• [Directions for this task]
From the line with "全自动0撸挂机赚收益,0门槛,适合工作室批量操作,轻松月入2W+" through the line with "ENJOY THE LITTLE", repeat the entries verbatim, both end lines included, and add nothing.

• [Input data]
[Start of section]

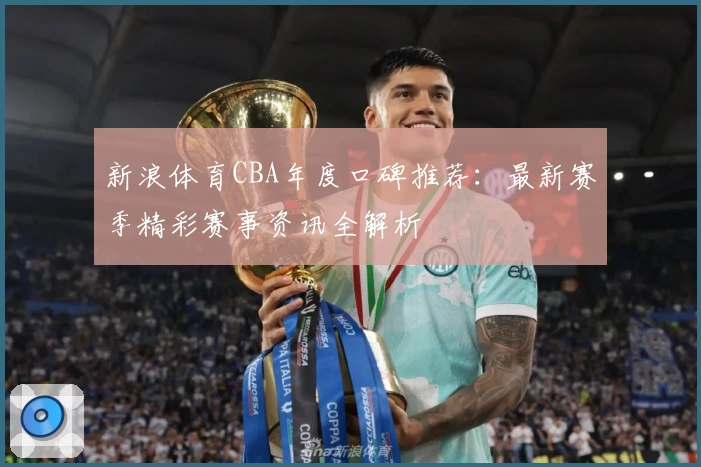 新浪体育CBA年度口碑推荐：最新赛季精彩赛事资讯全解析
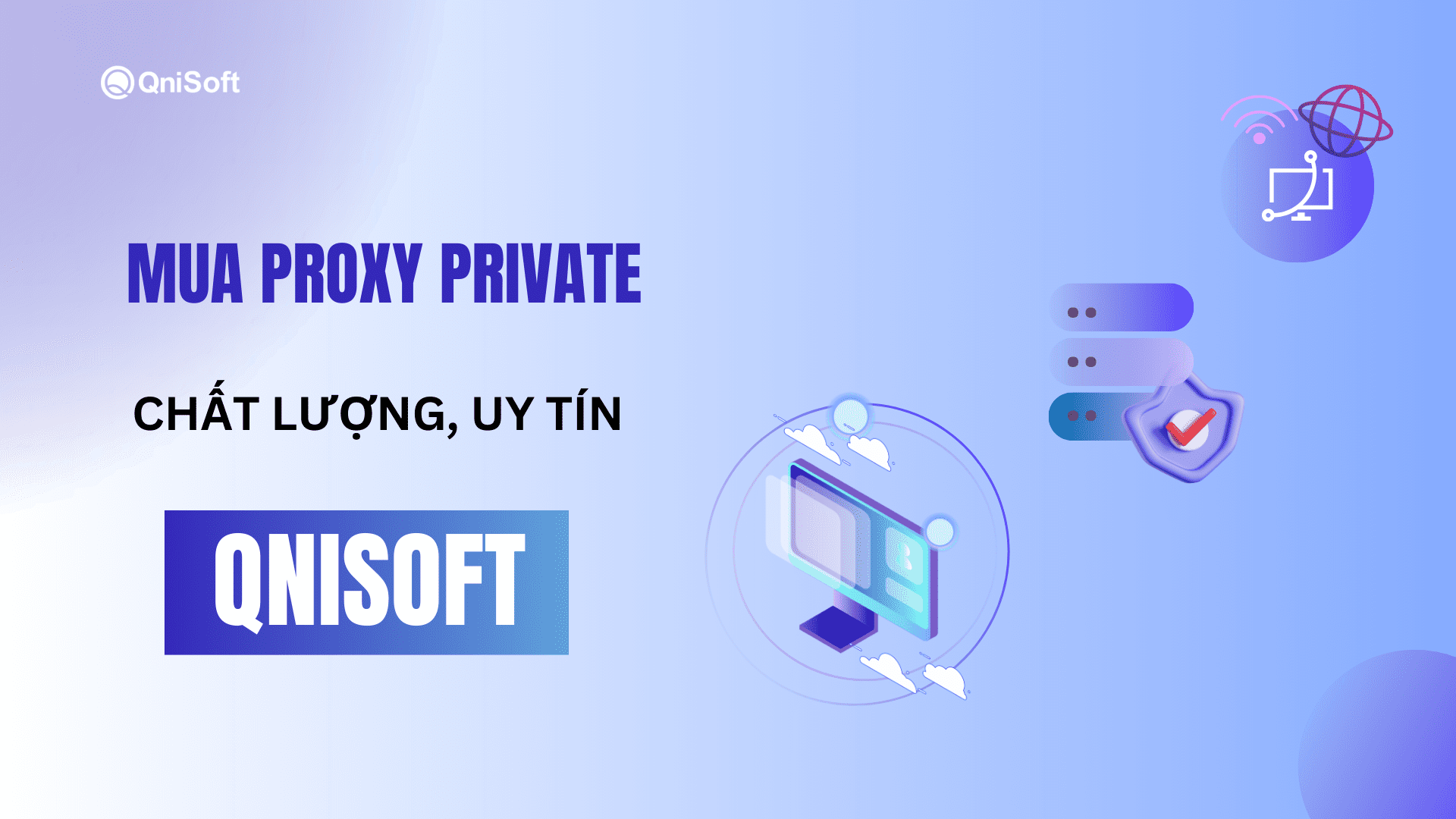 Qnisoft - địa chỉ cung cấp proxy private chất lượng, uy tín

[End of section]
[Start of section]

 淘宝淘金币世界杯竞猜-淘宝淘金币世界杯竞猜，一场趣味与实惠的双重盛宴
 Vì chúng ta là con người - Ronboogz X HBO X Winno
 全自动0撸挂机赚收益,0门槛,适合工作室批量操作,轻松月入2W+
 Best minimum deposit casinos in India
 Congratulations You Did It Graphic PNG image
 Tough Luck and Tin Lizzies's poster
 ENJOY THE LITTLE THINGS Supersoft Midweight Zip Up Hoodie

[End of section]
[Start of section]

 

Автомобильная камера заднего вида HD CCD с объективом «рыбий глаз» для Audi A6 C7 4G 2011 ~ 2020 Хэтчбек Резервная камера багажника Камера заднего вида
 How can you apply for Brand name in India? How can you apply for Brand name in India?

[End of section]

• [Your solution]
 全自动0撸挂机赚收益,0门槛,适合工作室批量操作,轻松月入2W+
 Best minimum deposit casinos in India
 Congratulations You Did It Graphic PNG image
 Tough Luck and Tin Lizzies's poster
 ENJOY THE LITTLE THINGS Supersoft Midweight Zip Up Hoodie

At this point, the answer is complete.